» **The task**: A word-for-word copy of the listing is what's needed; leave out every image.

» **Source data**:
────
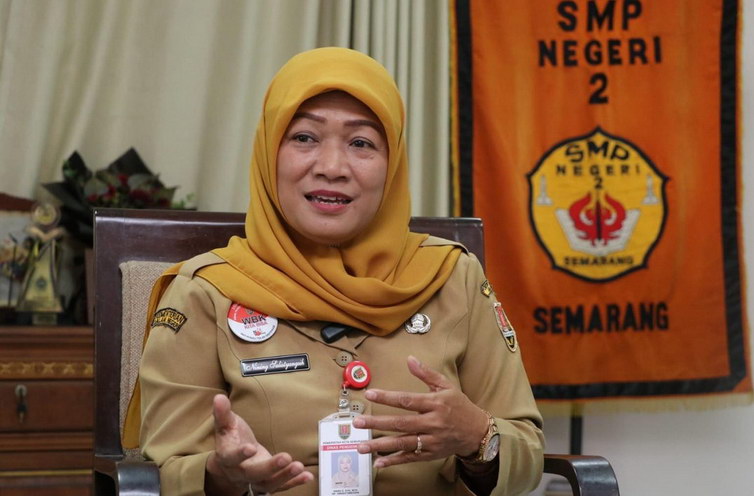 Inspiratif! Cerita Nining Sulistyaningsih Terapkan 'Ledy Bar' Metode Pembelajaran Menyenangkan di SMPN 2 Semarang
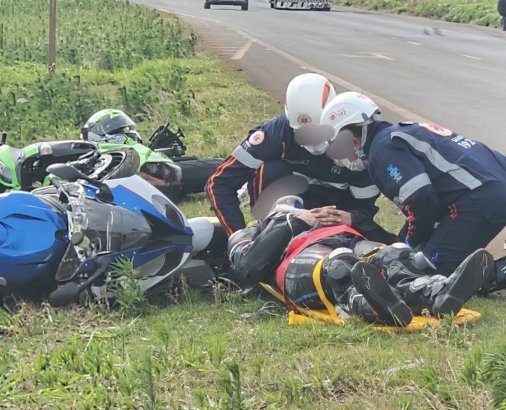 Três motociclistas ficam feridos em acidente na BR-163 entre Toledo e Marechal Cândido Rondon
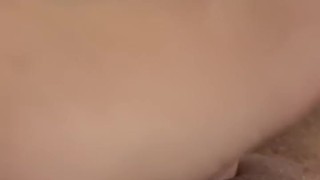 de 18 anos da buceta rosa se masturbando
────
» **Task output**:
 Inspiratif! Cerita Nining Sulistyaningsih Terapkan 'Ledy Bar' Metode Pembelajaran Menyenangkan di SMPN 2 Semarang
 Três motociclistas ficam feridos em acidente na BR-163 entre Toledo e Marechal Cândido Rondon
 de 18 anos da buceta rosa se masturbando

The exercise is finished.